Las confesiones de Mario Breuer sobre el Indio Solari que nadie escuchó
¿Qué secreto escondía el estudio de grabación del Indio Solari? Mario Breuer revela la regla que marcó cada disco y la emoción de trabajar con un genio.
El legendario ingeniero de sonido Mario Breuer abrió su corazón y recordó los días de estudio con Carlos ‘Indio’ Solari. ¿Qué pasaba detrás de las consolas? ¿Cómo era trabajar con el genio de Los Redondos?
Breuer, quien trabajó con Charly García, Calamaro y Sumo, entre otros, se sentó a charlar con La Viola y reveló detalles íntimos de su vínculo con el Indio. No solo habló de discos, sino de la persona detrás del mito.

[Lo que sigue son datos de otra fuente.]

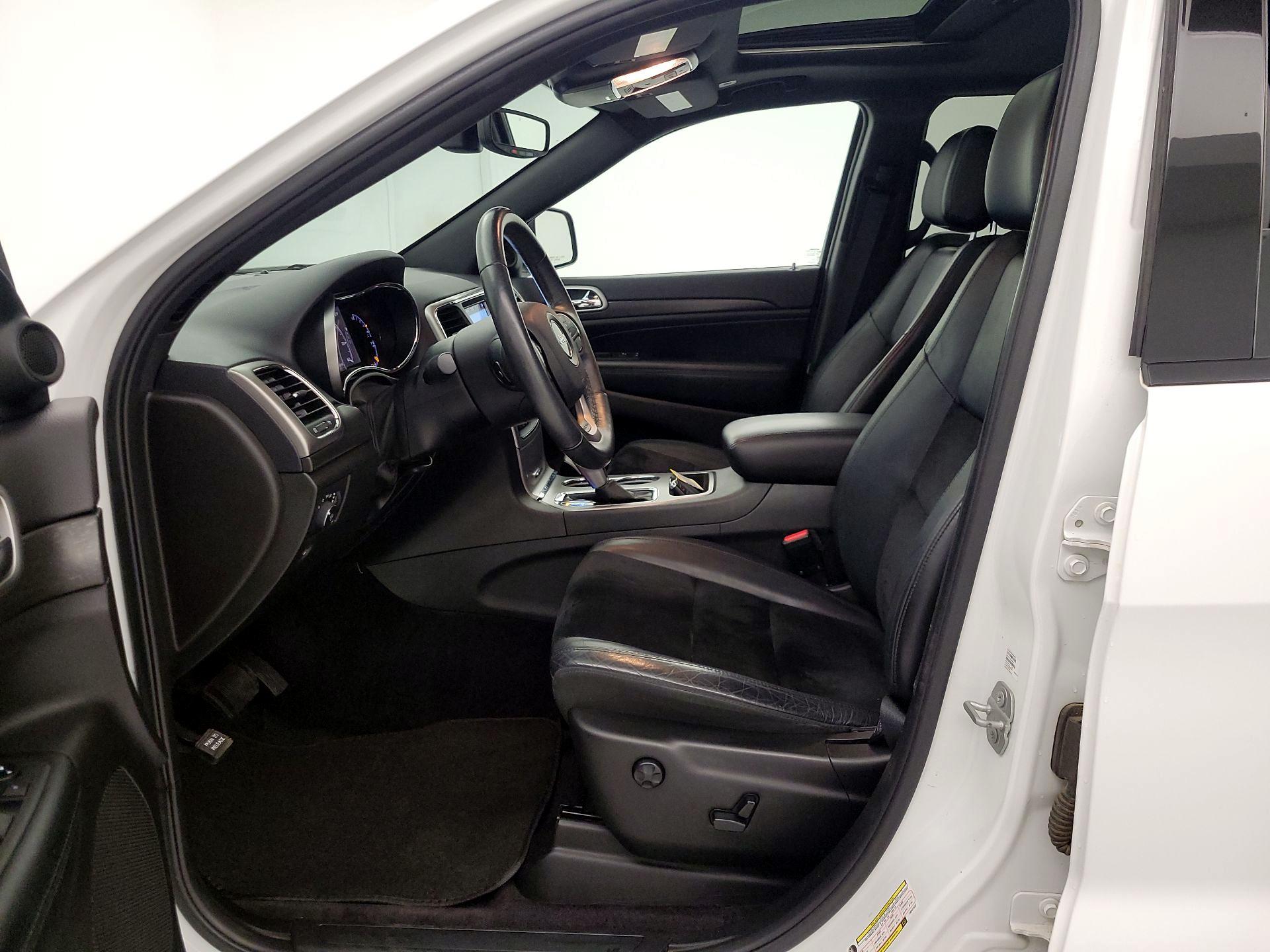 Thumbnail: 2018 Jeep Grand Cherokee - 11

El primer encuentro y la obsesión por no repetirse
Breuer estuvo a punto de participar en Oktubre, pero recién se sumó en La mosca y la sopa. “En sus dos primeros discos estaban aprendiendo a grabar y producir. Cuando me dieron la posibilidad, busqué ir más lejos”, recordó. Y agregó: “En Lobo suelto, cordero atado no me gustó la mezcla, así que me fui a EE.UU. y descubrí un estudio divino”.

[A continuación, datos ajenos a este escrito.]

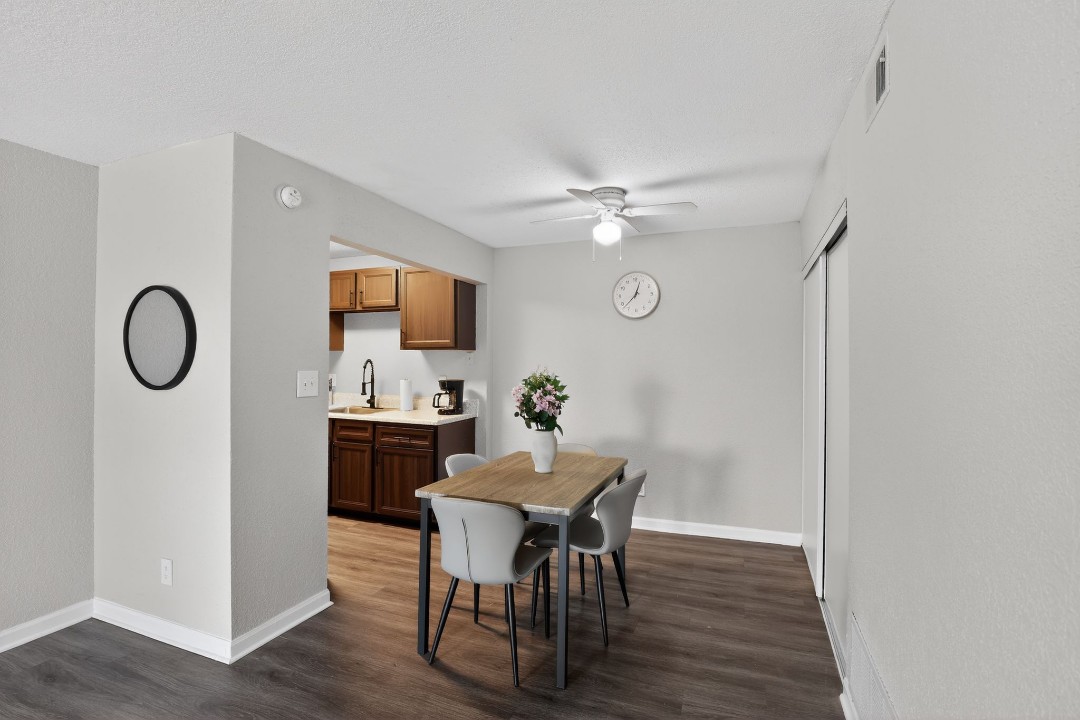 Hillcrest 5403F · Unit 2/1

Lo que más marcó a Breuer fue la exigencia del Indio: “Cada disco era distinto y estaba pautado. Ninguno debía parecerse al anterior”. Una regla que llevó a explorar estudios históricos y a buscar sonidos nuevos en cada producción.
La muerte del Indio: entre el dolor y el alivio
Con una mirada particular, Breuer confesó: “Estoy festejando que haya dejado de sufrir. Mi amigo Carlitos ya no carga con esa mochila horrorosa del Parkinson”. Y comparó al líder de Los Redondos con Gardel, el Cuchi Leguizamón, Maradona y Messi: “Es parte de nuestro folclore”.
Para Breuer, la impronta del Indio es imborrable: “Carlos Alberto Solari está en los pechos, hombros y cuellos de cientos de miles de personas. Es tan difícil borrar un tatuaje como su legado”.
El ingeniero también destacó la pasión del Indio por la tranquilidad y la lectura. “Le gustaba no sentir presiones. Se fanatizaba con la bronca del maltrato social en Argentina y el mundo”, subrayó.
Breuer no olvida la emoción de cada llamado de la mánager: “Cuando sonaba el teléfono y la Negra Poli me decía ‘Marito, vamos a juntarnos’, me explotaba el pecho de felicidad”.